Three environments (dev, stage, prod) with isolated configurations ensure safe promotion through the pipeline.
Testing
Standard pytest suite with mocked Databricks services:
def test_get_catalogs_with_mock(self, app):
"""Test get_catalogs with mocked SQL connection."""
with patch.object(service, 'execute_sql') as mock_sql:
mock_sql.return_value = ["main", "samples"]
catalogs = service.get_catalogs()
assert catalogs == ["main", "samples"]
CI runs unit tests on every push; integration tests require a Databricks connection and run separately.
Lessons Learned and Best Practices
1. Design for OBO from Day One
Retrofitting OBO authentication is painful. Design your data access layer to accept tokens from the start:
# Good: Token passed explicitly
def get_catalogs(self, token: str) -> List[str]:
...
# Better: Token extracted from request context
def get_catalogs(self) -> List[str]:
token = self._get_user_token() # From x-forwarded-access-token
...
2. Use Serverless for Unpredictable Workloads
Rule generation time varies wildly based on:
- Table size
- Number of columns
- Complexity of requirements
- AI model response time
Serverless jobs handle this perfectly—no cluster management, no idle costs.
3. Version Everything
Rules change. Requirements evolve. Always keep history:
# Query rule history for any table
SELECT version, created_at, user_prompt, rules
FROM dq_rules_events
WHERE table_name = 'catalog.schema.table'
ORDER BY version DESC;
4. Fail Gracefully
External services fail. Handle it gracefully:
def get_catalogs(self) -> List[str]:
try:
return self.execute_sql("SHOW CATALOGS")
except Exception as e:
logger.error(f"Catalog query failed: {e}")
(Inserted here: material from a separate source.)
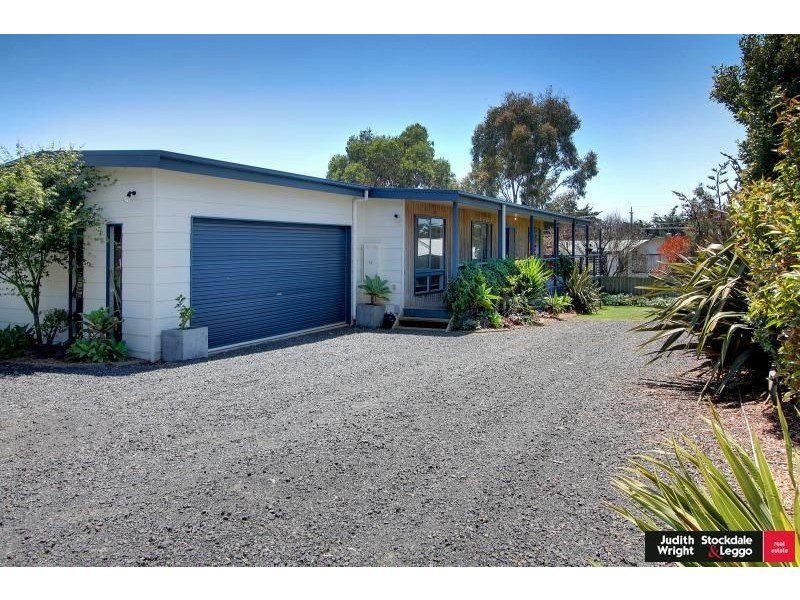 30 Happy Valley Drive, Sunset Strip VIC 3922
return ["main"] # Sensible default
5. Make AI Interactions Observable
AI responses can be unpredictable. Log everything:
def analyze_rules(rules, table_name, prompt):
logger.info(f"AI Analysis Request: table={table_name}, rules={len(rules)}")
result = call_ai(...)
logger.info(f"AI Analysis Response: score={result.get('quality_score')}")
return result
TL;DR
DQX Data Quality Manager is an AI-powered Databricks App that lets you generate, validate, and version data quality rules using natural language.
Prerequisites:
- Databricks workspace (With Lakebase Autoscaling enabled)
- Unity Catalog enabled
- SQL Warehouse (Serverless recommended)
- Model Serving endpoint access
Get Started:
- git clone https://github.com/dediggibyte/databricks_dqx_agent.git
- cd databricks_dqx_agent
- create your .env file with the required variables.
- databricks bundle deploy -t dev
Resources:
- https://github.com/dediggibyte/databricks_dqx_agent
- https://dediggibyte.github.io/databricks_dqx_agent/
- https://databrickslabs.github.io/dqx/
Conclusion
Data quality has long been the domain of specialists. With DQX Data Quality Manager, we've shown that:
- Natural language can replace complex syntax - Anyone can describe quality requirements
- AI understands data context - Rules are tailored to actual data characteristics
- Enterprise security is non-negotiable - OBO ensures proper access control
- Modern platforms accelerate development - Databricks Apps + DAB = rapid deployment
- Open source enables collaboration - Build on our work, contribute improvements
The future of data quality is AI-native, user-friendly, and democratized. We've built a foundation - now it's your turn to extend it.